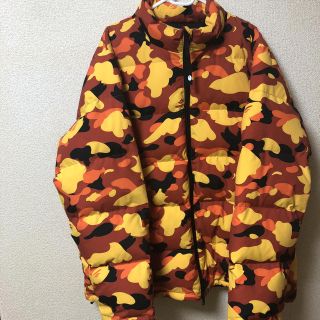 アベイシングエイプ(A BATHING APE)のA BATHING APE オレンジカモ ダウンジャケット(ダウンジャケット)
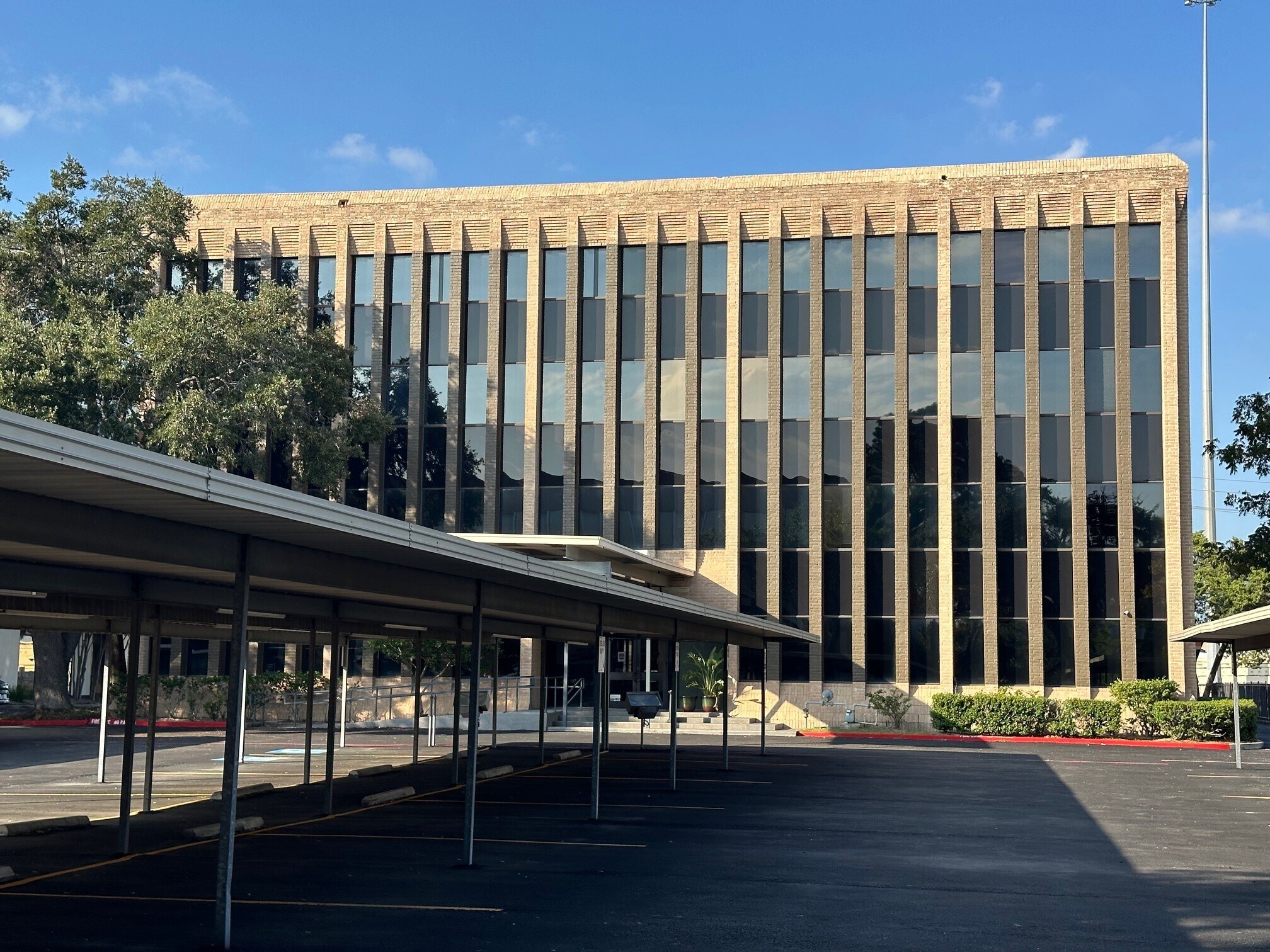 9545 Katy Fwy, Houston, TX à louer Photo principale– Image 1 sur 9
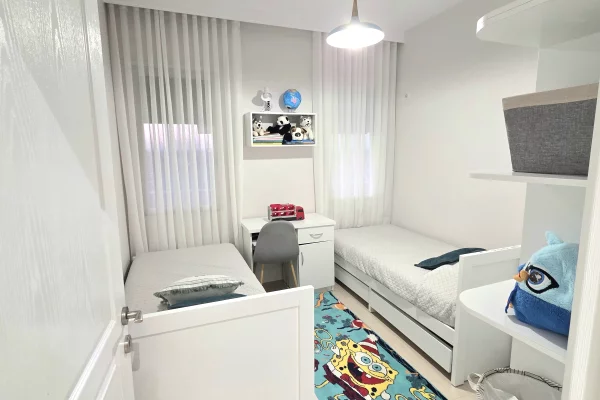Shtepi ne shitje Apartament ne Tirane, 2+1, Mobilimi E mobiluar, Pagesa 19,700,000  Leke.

• Task requirements
Take the lines from the one that contains "9545 Katy Fwy, Houston, TX" down to the last line of the listing above, both included, and set them down exactly, leaving out pictures.

• Your solution
 9545 Katy Fwy, Houston, TX à louer Photo principale– Image 1 sur 9
Shtepi ne shitje Apartament ne Tirane, 2+1, Mobilimi E mobiluar, Pagesa 19,700,000  Leke.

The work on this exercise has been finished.